AlphaBay was launched nearly a year after the fall of Silk Road.
This time marked a turning point for darknet markets that still rings true today—no matter how hard authorities try to bring down the sites and crush the businesses, the darknet market vice will continue to grow.
What’s more is that people will learn from the mistakes of others, using that insight to inform their decisions and actions in the future.
More specifically, users will often view a takedown as a sort of case study into how a previous market giant failed.
Consequently, errors in other markets will be eliminated, thereby forcing authorities to derive new means of countering their actions.
When AlphaBay first went offline in July of this year, there was much speculation as to why the market’s admins would not preemptively inform users of the reason.
Some parties indicated that the outage might be an exit scam, as others remained loyal to the market in hopes that the disappearance was temporary, possibly so admins could deal with some sort of operational or maintenance issue.
However, authorities were quick to ramp up another operation to take down another top darknet market.
Reports indicate that Hansa Market, one of the top three dark market sites at its prime, was seized before AlphaBay, but AlphaBay was shut before Hansa.
Authorities were establishing a game plan to monitor the activities of AlphaBay “refugees” who had moved their businesses over to Hansa.
Subsequently, the method yielded results as authorities spotted a peculiar trend where users previously registered on AlphaBay used the same addresses and password to register in Hansa.
But, in an unprecedented move before Hansa was shut down for good, the site had spontaneously ceased to accept new registrants to the market.
And upon visiting the site, there was a post indicating that registration is closed temporarily due to a heavy flow of “refugees” from Alphabay.
The goal was to trick people into believing the site had to adjust its technical capabilities to cope with the large increase in new registrations as a result of AlphaBay’sfall.
This tactic seemed to have worked, as online forums indicate.
People suspected administrators were closing the site in order to expand their servers.
When the site opened up again, numerous individuals rushed to open up accounts worrying it may be closed again.
It was at this point that the trend in similar usernames and passwords was noticed by the agencies conducting the operation.
Even before the raids, notorious customers with accounts in various darknet markets noticed that several vendors followed suit and were offering the same services.
What’s more is that the listings, product descriptions, and names of the vendors were the same in all marketplaces.
So it would be easy enough for a user with little knowledge to tell what was happening on the ground.
Then there is the issue of markets conducting exit scams, which are historically rampant on the dark web.
They usually ensue after a market administrator closes the site without warning, leaving no time for users to remove their digital currencies from the system.
In the past, several markets have orchestrated these stunts, with Evolution being the most notable of them all.

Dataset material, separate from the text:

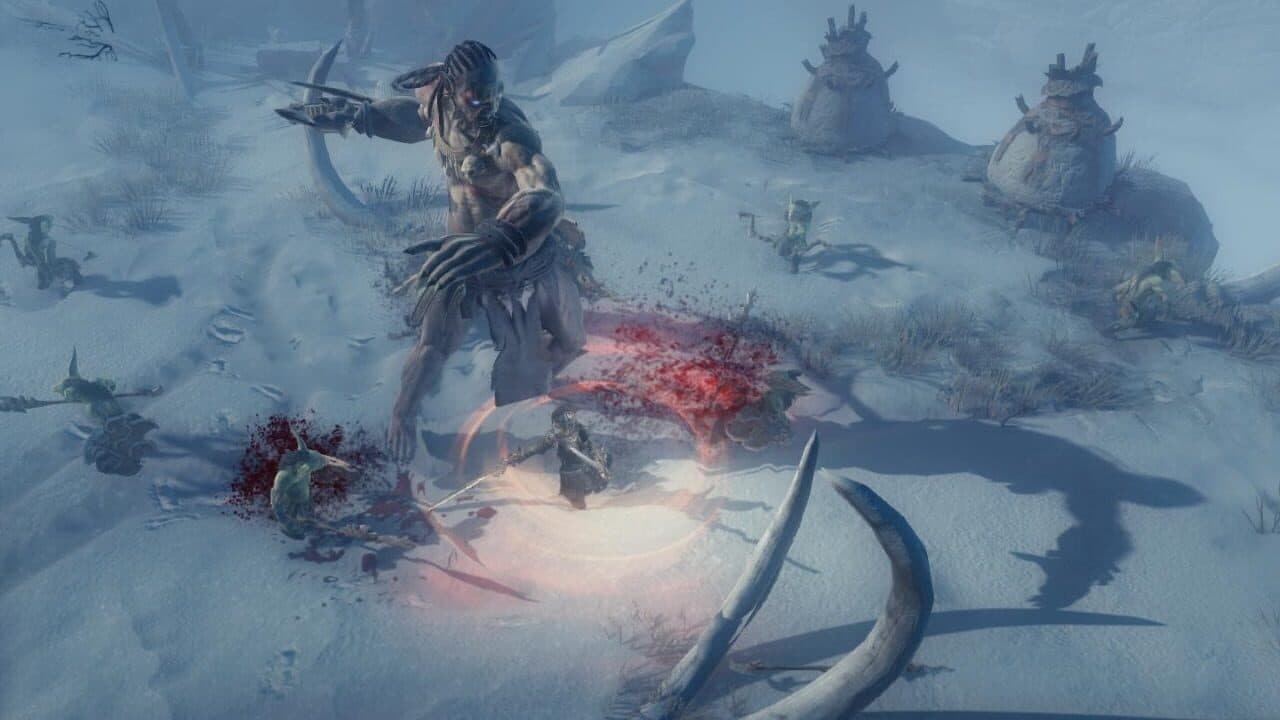Vikings: Wolves of Midgard thumbnail 4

In other instances, like when Outlaw went down earlier this year, there was wide speculation as to what had transpired.
As a result, news outlets and blogs carried out posts stating that it was either an exit scam or a hack.
In short, the dark web market ecosystem is certainly a field that carries a lot of uncertainty—due to the sensitivity of users’ information as well as the type of goods sold.
For this reason, one can easily deduce that the main causes that bring the markets down are hacks, exit scams and law enforcement-enabled seizure.
And as earlier mentioned, it is up to users to follow through a proper procedure to avoid falling victim and losing their funds as a result of the above three reasons.
In the case for market places that have been pulled down since their inception to date, users have lost funds running into the millions of dollars.
Either way, it is an individual’s sole responsibility to protect themselves while undertaking their various activities on the dark web.